I’m having exact problem with UE4.27 with CCD fast moving physics objets get stuck for about second, disabling CCD solves this issue, but then objects start to move through each other.

I believe this is PhysX 3.4 CCD system limitation (known issue).
It is detailed here:
https://gameworksdocs.nvidia.com/PhysX/3.4/PhysXGuide/Manual/AdvancedCollisionDetection.html#continuous-collision-detection

Quote from page:

Limitations

The CCD system is a best-effort conservative advancement scheme.
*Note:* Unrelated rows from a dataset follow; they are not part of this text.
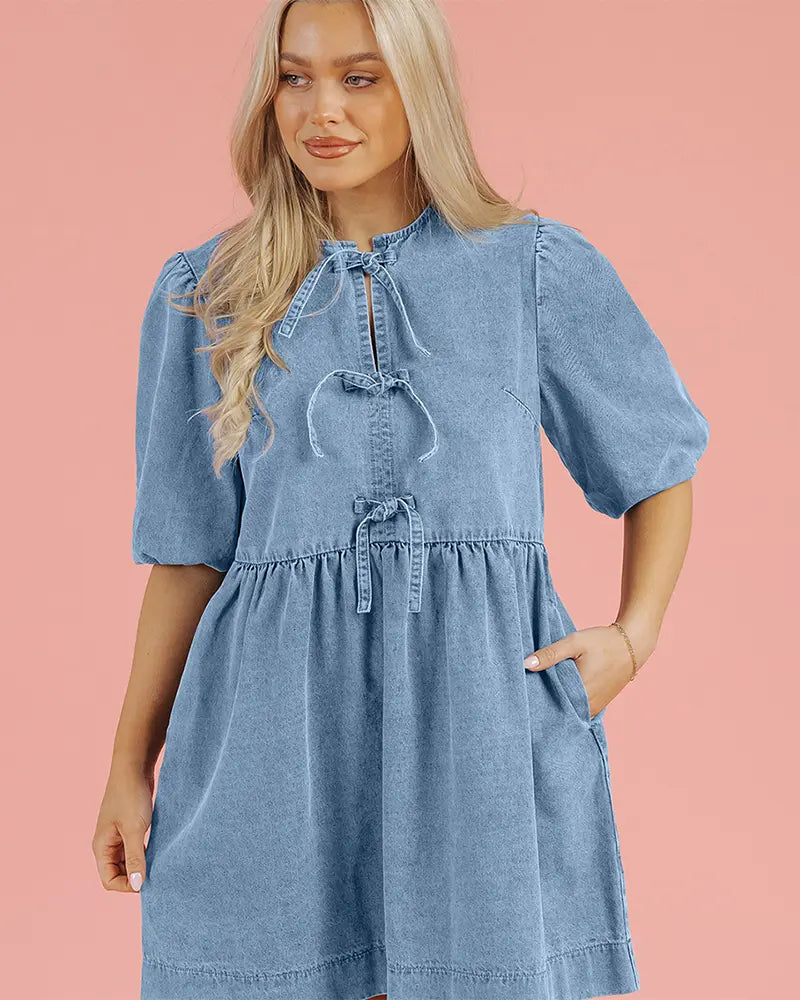 Bow Tie Denim Mini Dress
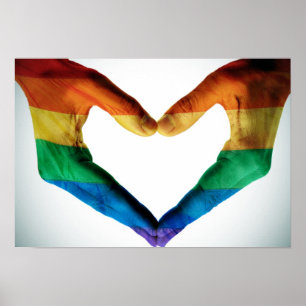 Handen schilderd als regenbooghart poster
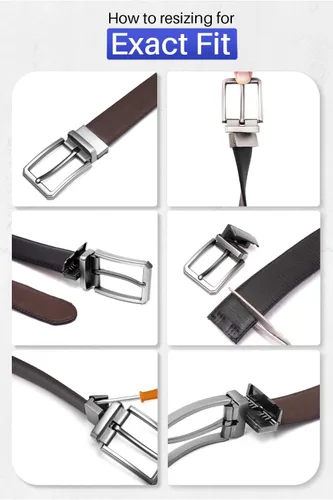 Miniatura 3 de Mens Casual Leather Belts - Reversible Belts For Men - Dual Side Adjustable buckle Dress Pants Mens Belts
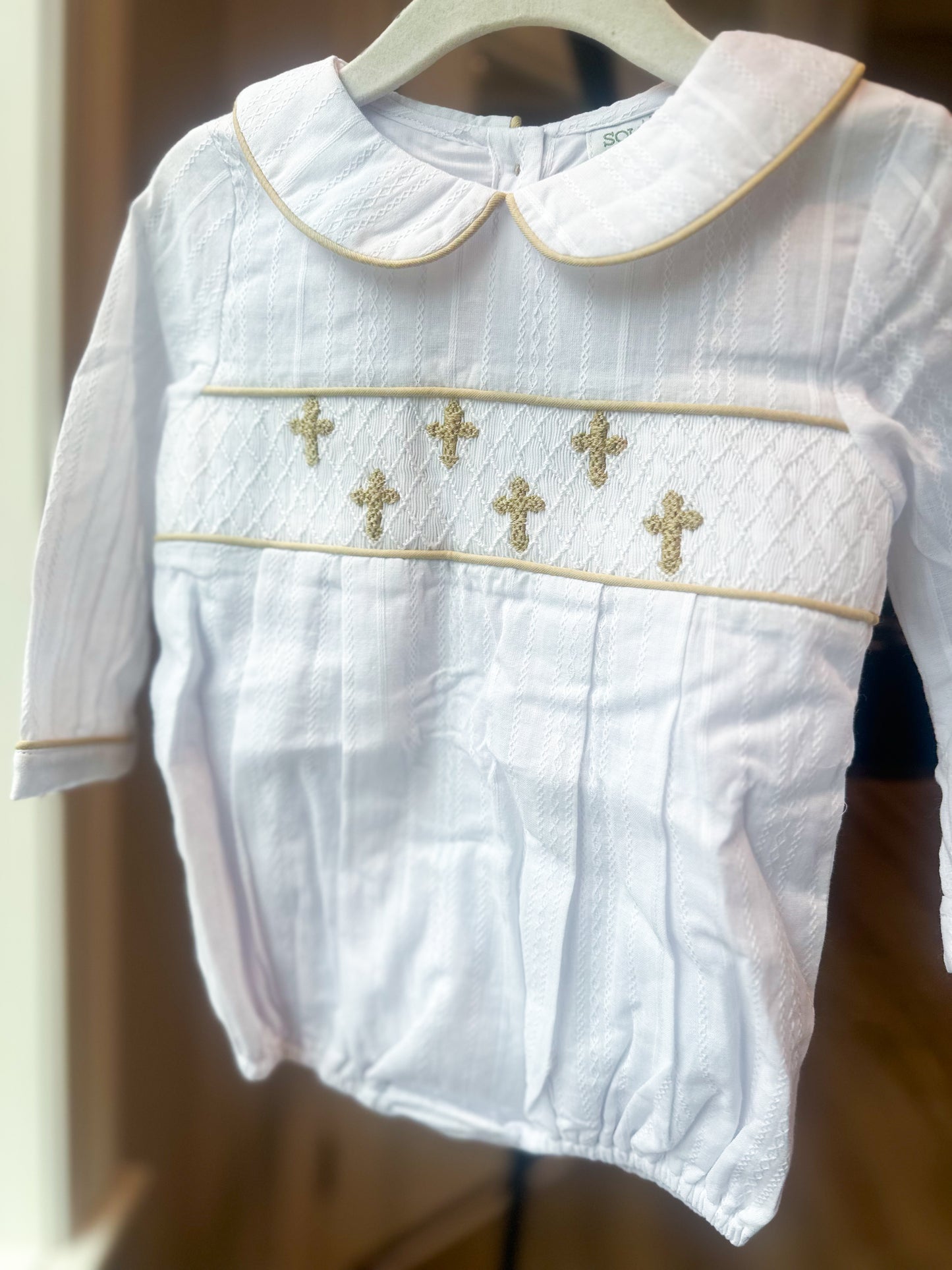 Boy’s Linen Smocked Cross Bubble (RTS will have white linen collar with khaki trim)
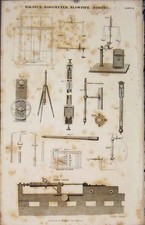 Original Old Antique Print Balance Barometer Blowpipe Boring Mesurement C1837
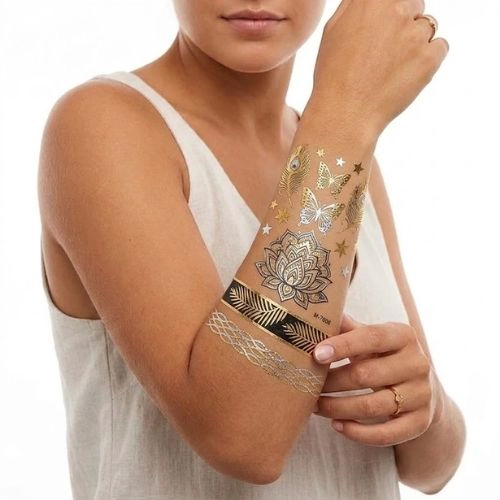 Pack 10 TATUAJES TEMPORALES METALIZADOS BOHO TEMPORALES AL AGUA - 1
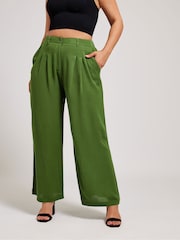 Yours Curve Green Pleated Front Trousers - Image 1 of 4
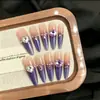 Elegante y de Piel Clara Hecho a Mano Duradero de Gama Alta Arte de Uñas Morado Ojo de Gato con Forma de Corazón Estilo Francés Uñas Postizas Portátiles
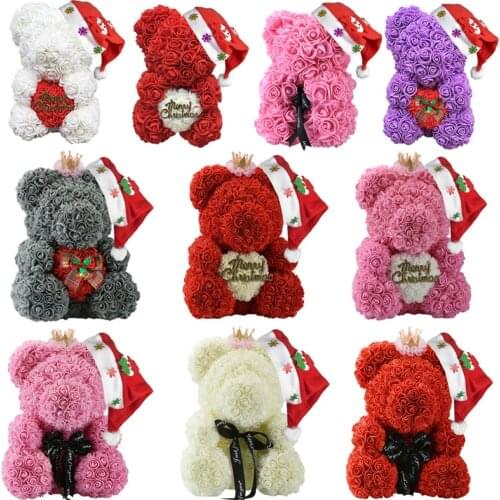 Christmas Gift for Kids&women Artificial PE Rose Teddy Bear of Roses with Crown Valentines Day Wedding Love Xmas Gifts for Girl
It runs a finite number of CCD substeps (defaulted to 1) and drops any remaining time. Usually, time is only dropped on high-speed objects at the moment of impact so it is not noticeable. However, this artefact can become noticeable if you simulate an object that is sufficiently small/thin relative to the simulation time-step that the object could tunnel if it was accelerated by gravity from rest for 1 frame, i.e. a paper-thin rigid body. Such an object would always be moving at above its CCD velocity threshold and could result in a large proportion of simulation time being dropped for that object and any objects in the same island as it (any objects whose bounds overlap the bounds of that object). This could cause a noticeable slow-down/stuttering effect caused by the objects in that island becoming noticeably out-of-sync with the rest of the simulation. It is therefore recommended that paper-thin/tiny objects should be avoided if possible.